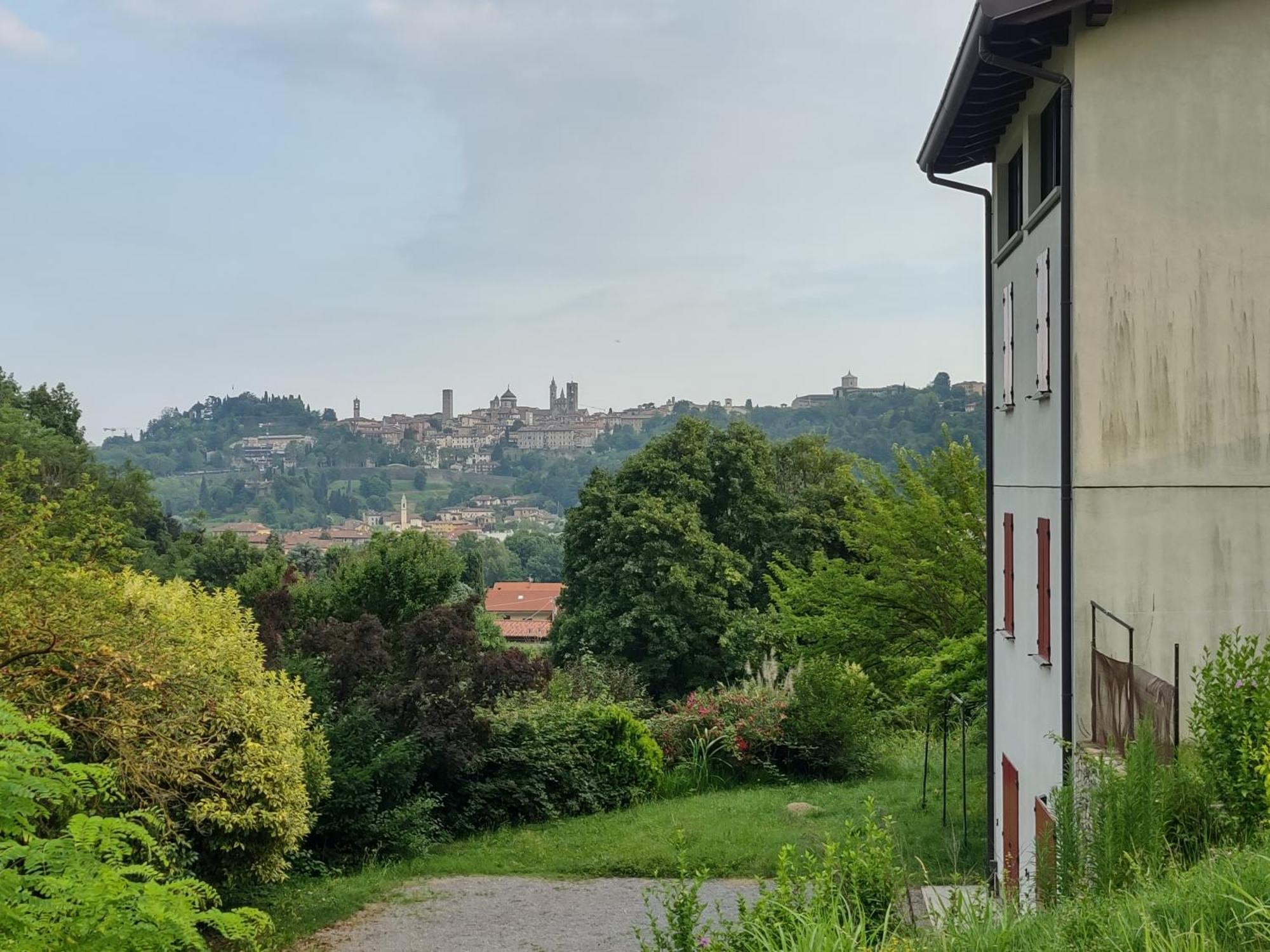 Aminta Apartment Bergamo Bagian luar foto
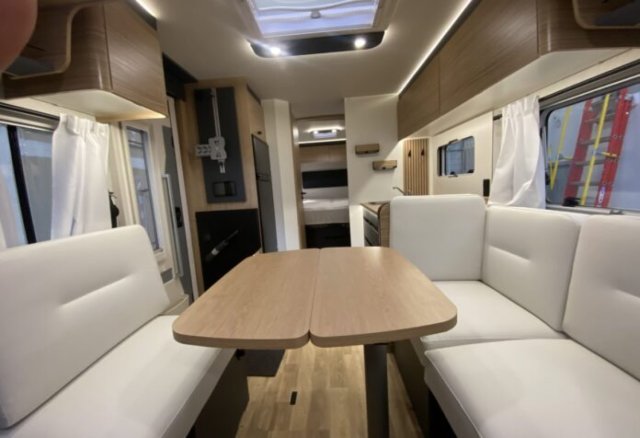 Bavaria Initial I740FC Nomade i 740 fc - Photo 11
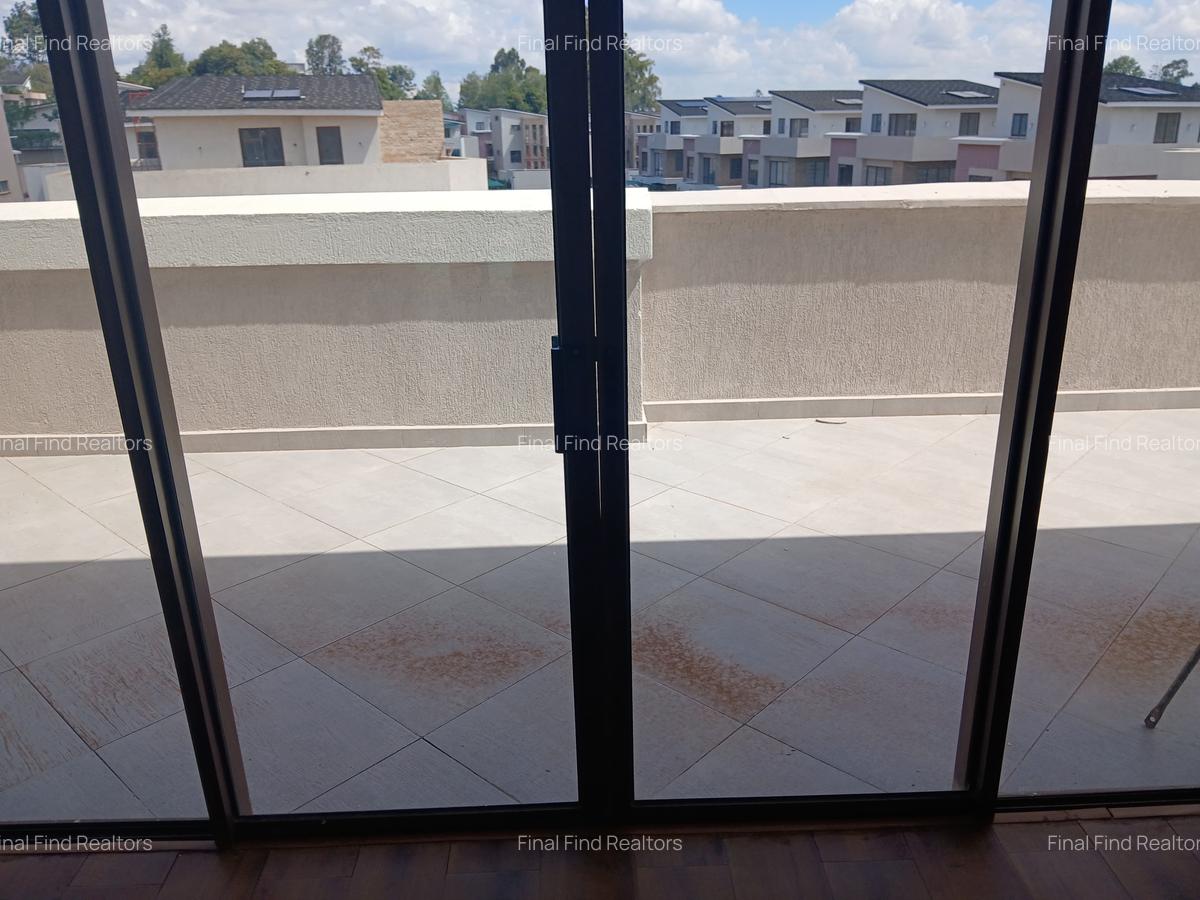 4 Bed Townhouse with Swimming Pool in Runda - 8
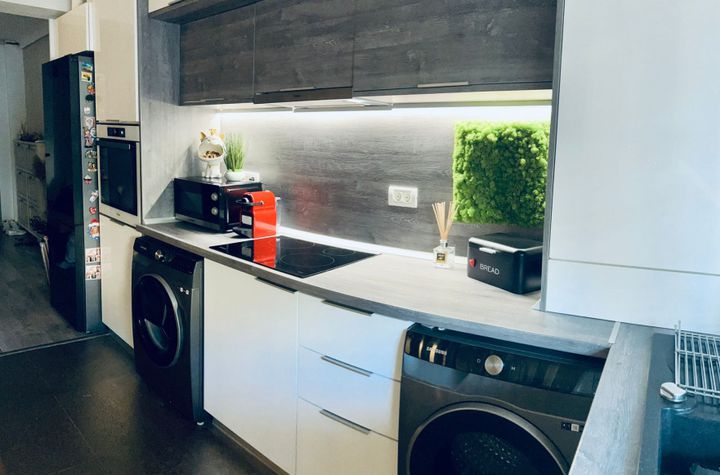 Apartament 3 camere de vanzare CONSTANTA - Constanta anunturi imobiliare Constanta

**THE PROBLEM:** Each line from the one that holds "Bavaria Initial I740FC" through the final line of the data must be retyped exactly; the pictures must not appear.

**RESPONSE AREA:**
 Bavaria Initial I740FC Nomade i 740 fc - Photo 11
 4 Bed Townhouse with Swimming Pool in Runda - 8
 Apartament 3 camere de vanzare CONSTANTA - Constanta anunturi imobiliare Constanta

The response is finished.